Your rig is a keeper. Treat it like one.

Ready to set up your free Essentials account? Download RVKeeper and let us handle the tracking, so you can handle the trips.

RVKeeper

Track every item on this checklist

RVKeeper turns this checklist into a live maintenance schedule for your specific rig, with service intervals for roof seals, water pump tests, LP regulator checks, battery voltage, and tire condition. Log what you've done, get reminded when something is due, and always know where you stand. The Essentials Plan is free forever and covers the 5 components most likely to cause expensive damage if neglected.

Download RVKeeper

Personalized maintenance tracking built around your specific rig.

Frequently asked questions

What are the most important RV maintenance items to focus on first?

Focus on the five highest-impact areas first: the roof, the tires, the electrical system, the toilet and waste system, and the safety systems. These hit the highest share of owners and cause the most expensive damage when neglected. Getting these right handles most of what actually saves money over time.

How often should I inspect my RV roof?

Inspect the roof at least twice a year, ideally in spring before the season and in fall before storage, and many full-time owners check quarterly. You are looking at the sealant around every penetration and seam for cracking, peeling, or chalkiness. A minor reseal costs a few hundred dollars, while unaddressed water damage can run many thousands.

When do RV tires need to be replaced?

RV tires age out before they wear out, so most manufacturers recommend replacement at 5 to 7 years regardless of how much tread is left. Heat, sunlight, and time break down the rubber from the inside, and a tire with good tread can still blow at highway speed if it is old enough. Check the four-digit date code on each sidewall annually.

Does my RV water heater need an anode rod replaced?

It depends on the brand. Suburban water heaters have steel tanks with a sacrificial anode rod that should be replaced annually, or the tank will eventually corrode and need full replacement. Atwood and Dometic water heaters have aluminum tanks and do not use an anode rod, so check which brand you have before adding it to your list.

How often should I service my RV wheel bearings?

Wheel bearings should be repacked with fresh grease annually or every 12,000 miles, whichever comes first. A failed bearing can cause a wheel to come off the rig, so this is worth doing on schedule. The repack itself is relatively inexpensive at around $200.

What maintenance does my RV need that the warranty will not cover?

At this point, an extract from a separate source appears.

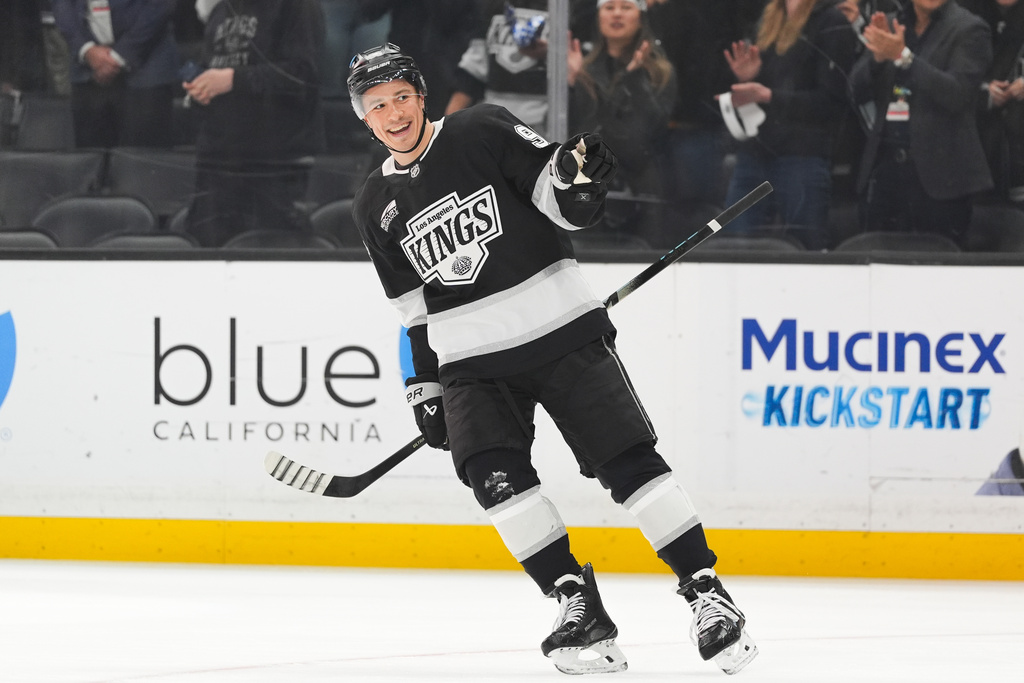 Los Angeles Kings left wing Andrei Kuzmenko (96) celebrates his goal during the first period of an NHL hockey game against the Seattle Kraken Wednesday, Feb. 4, 2026, in Los Angeles. (AP Photo/Jae C. Hong)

Several routine items are classified as maintenance rather than defects and are your responsibility from day one, including roof and exterior sealant, tires, batteries, wheel bearing repacks, water heater anode rods, and brake service. These are not covered regardless of the unit's age. Neglecting them costs real money or creates safety risks, so track them on their own intervals.

How do I know which maintenance tasks actually apply to my specific rig?

The tasks that apply depend on your exact components, such as whether you have a Suburban or Atwood water heater, electric or hydraulic slides, or an onboard generator. The challenge is less the work itself and more tracking what was last done and what is due for your specific hardware. Documenting your components once lets you build a schedule that matches your rig instead of a generic list.